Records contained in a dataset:
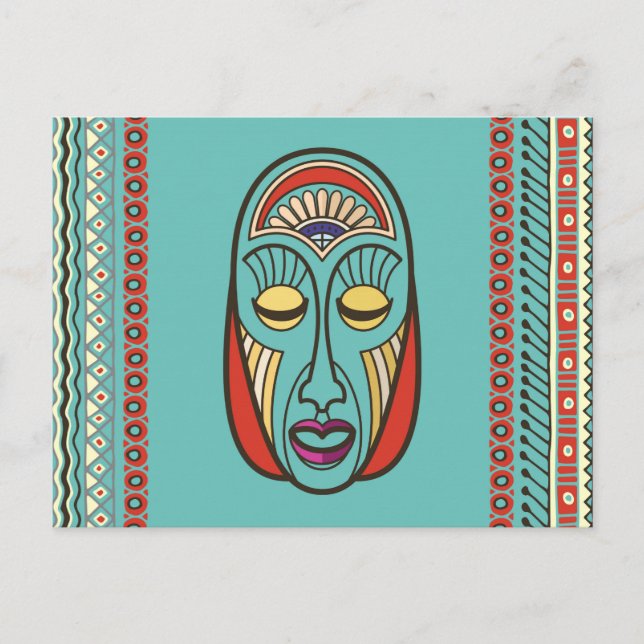 Carte Postale Masque maya aztèque inca autochtone (Devant)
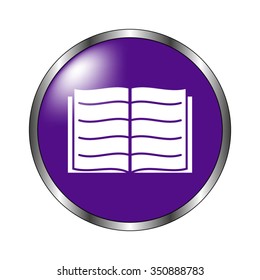 Open book - vector icon; violet button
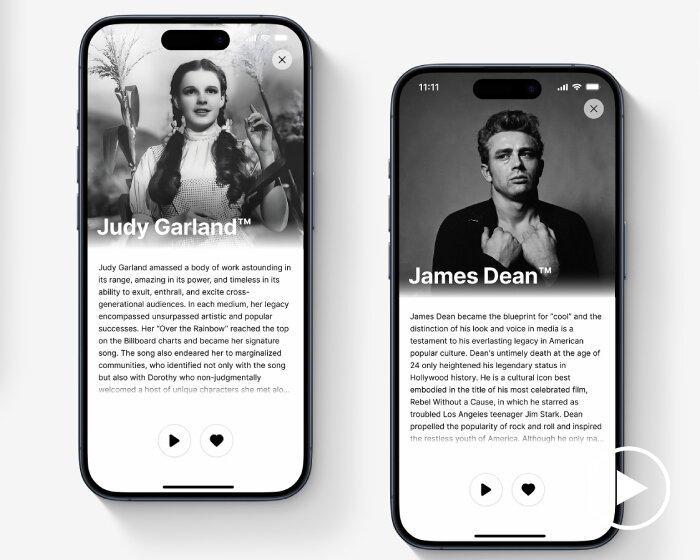 hear james dean & judy garland’s voices again as they read texts on elevenlabs’ AI reader app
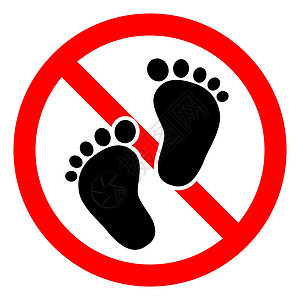红色足迹没有脚步标志 没有赤脚的迹象 禁止足迹图标 矢量图红色按钮禁令插图注意力警告黑色白色烙印圆圈插画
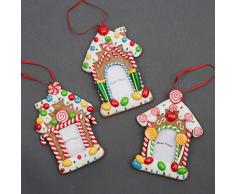 SHATCHI Weihnachts-Hängedekoration, mit Zuckerstange, personalisierbar, Weihnachtsbaum, 3 Stück, Mehrfarbig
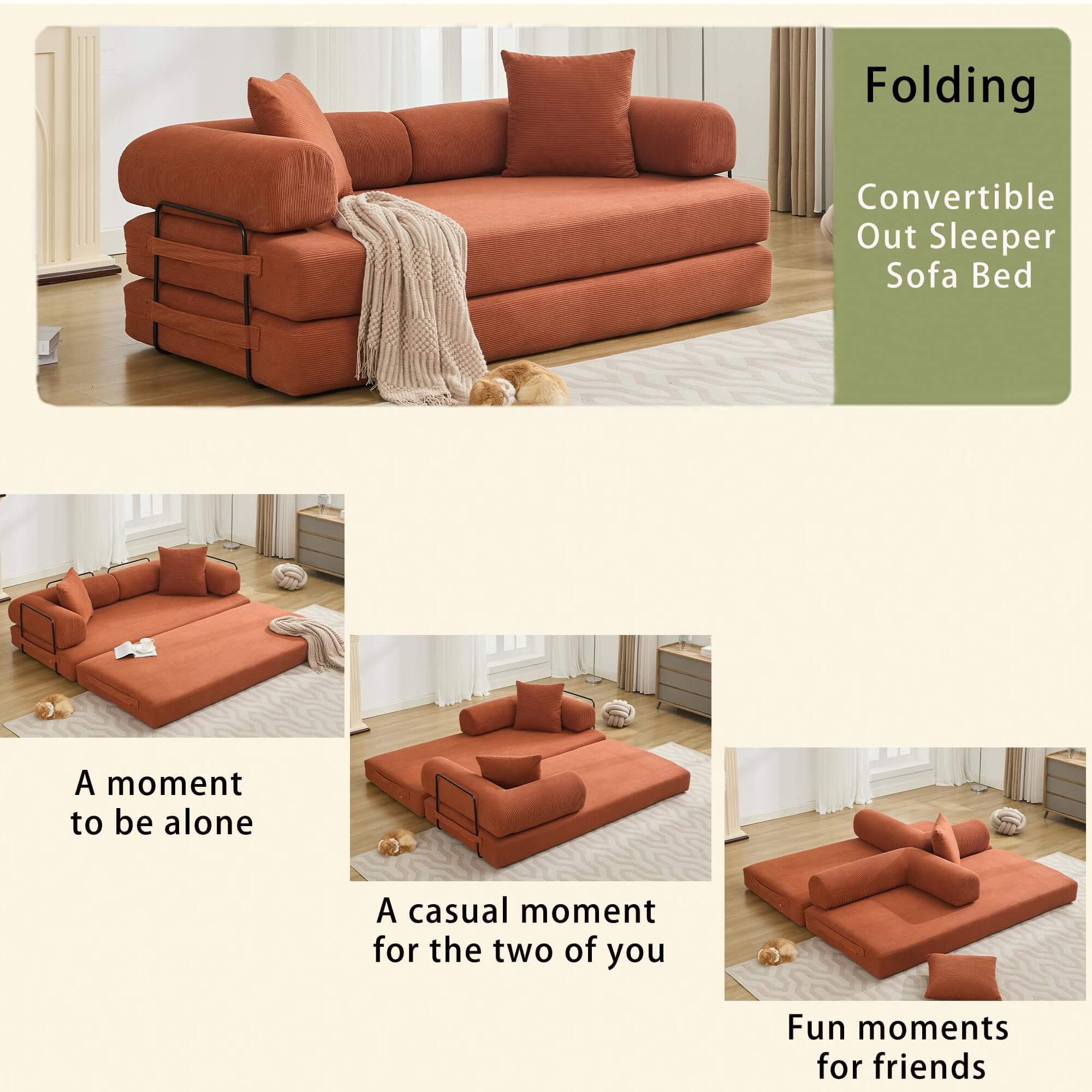 CloudFlex 3-in-1 Luxe Floor Sleeper Sofa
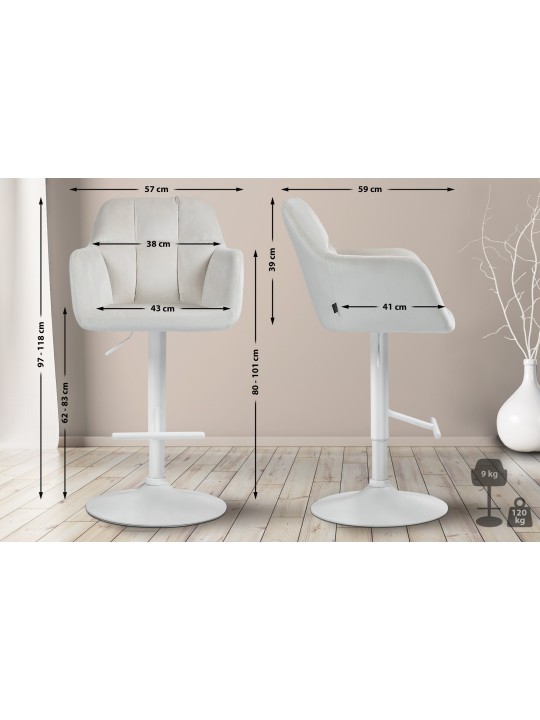 Tabouret de bar Natoma velours, crème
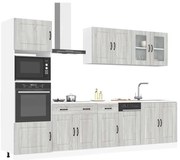 7 darabos konyhaszekrény szett Kalmar szürke sonoma műfa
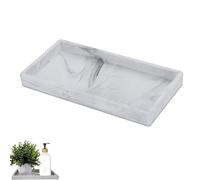 Bathroom Marble Vanity Tray, Silicone Vanity Dish for Counter Kitchen Soap Perfume Candle Kitchen Sink Countertop Organizer Plate Holder for Home Decor Plant, 20 x 10 cm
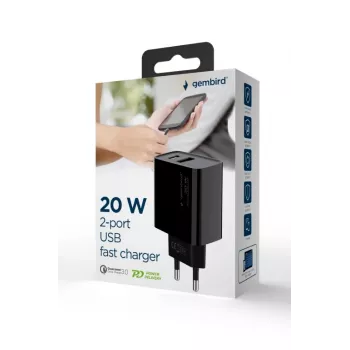 GEMBIRD USB kiirlaadija - Type A & C 2-pordiline 20W - Must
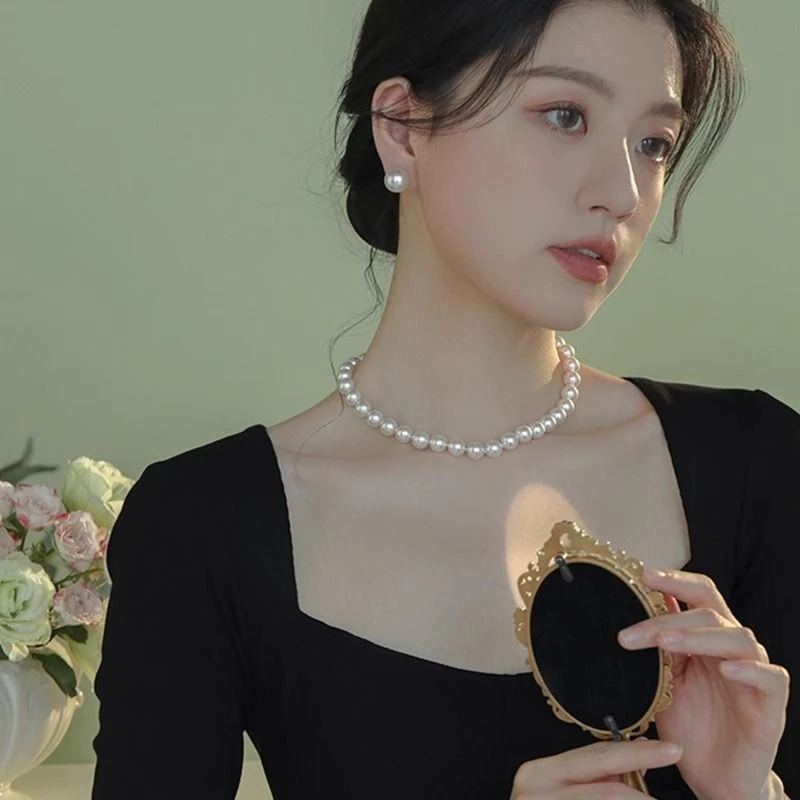 铜合金项链 珍尚银仿珍珠项链女轻奢生日母亲节礼物送妈妈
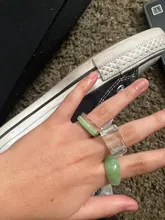 HUANZHI-Conjunto de anillos redondos de resina acrílica para mujer, colorido, Diamante de imitación cuadrado geométrico, regalo de viaje, 2021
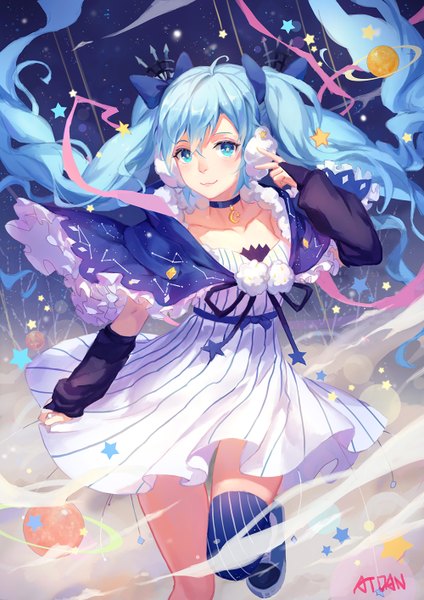 Anime picture 1000x1414 with vocaloid hatsune miku fuyu no yoru miku atdan single tall image looking at viewer blush blue eyes twintails blue hair very long hair girl thighhighs dress bow hair bow striped thighhighs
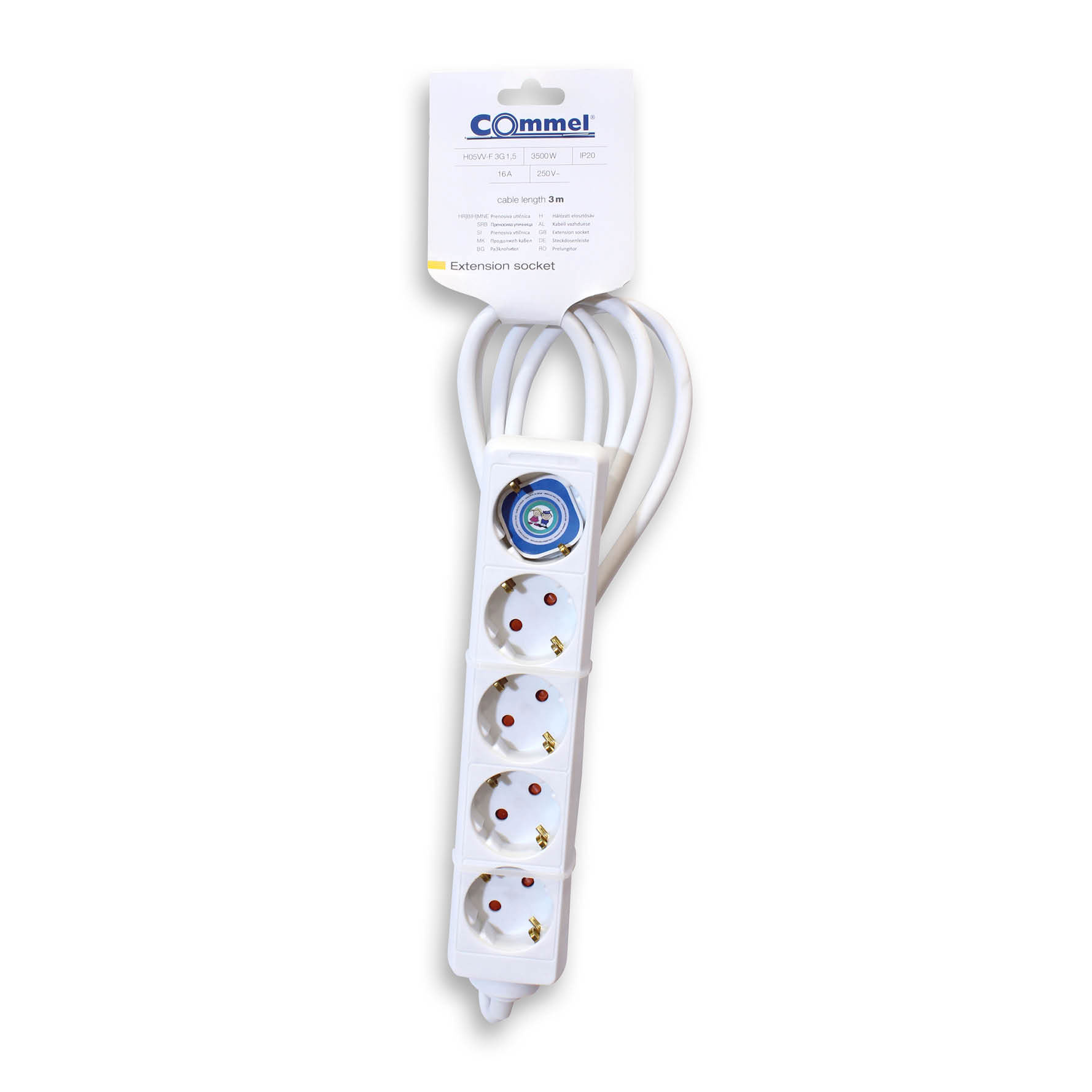 COMMEL produžni kabel 3m 5x utičnica 16A bijeli 232-502 - Slika 2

TASK:
Retype all the data exactly. Omit pictures.

EXERCISE RESULT:
 Carte Postale Masque maya aztèque inca autochtone (Devant)
 Open book - vector icon; violet button
 hear james dean & judy garland’s voices again as they read texts on elevenlabs’ AI reader app
红色足迹没有脚步标志 没有赤脚的迹象 禁止足迹图标 矢量图红色按钮禁令插图注意力警告黑色白色烙印圆圈插画
 SHATCHI Weihnachts-Hängedekoration, mit Zuckerstange, personalisierbar, Weihnachtsbaum, 3 Stück, Mehrfarbig
 CloudFlex 3-in-1 Luxe Floor Sleeper Sofa
 Tabouret de bar Natoma velours, crème
 7 darabos konyhaszekrény szett Kalmar szürke sonoma műfa
 Bathroom Marble Vanity Tray, Silicone Vanity Dish for Counter Kitchen Soap Perfume Candle Kitchen Sink Countertop Organizer Plate Holder for Home Decor Plant, 20 x 10 cm
 GEMBIRD USB kiirlaadija - Type A & C 2-pordiline 20W - Must
 铜合金项链 珍尚银仿珍珠项链女轻奢生日母亲节礼物送妈妈
 HUANZHI-Conjunto de anillos redondos de resina acrílica para mujer, colorido, Diamante de imitación cuadrado geométrico, regalo de viaje, 2021
 Anime picture 1000x1414 with vocaloid hatsune miku fuyu no yoru miku atdan single tall image looking at viewer blush blue eyes twintails blue hair very long hair girl thighhighs dress bow hair bow striped thighhighs
 COMMEL produžni kabel 3m 5x utičnica 16A bijeli 232-502 - Slika 2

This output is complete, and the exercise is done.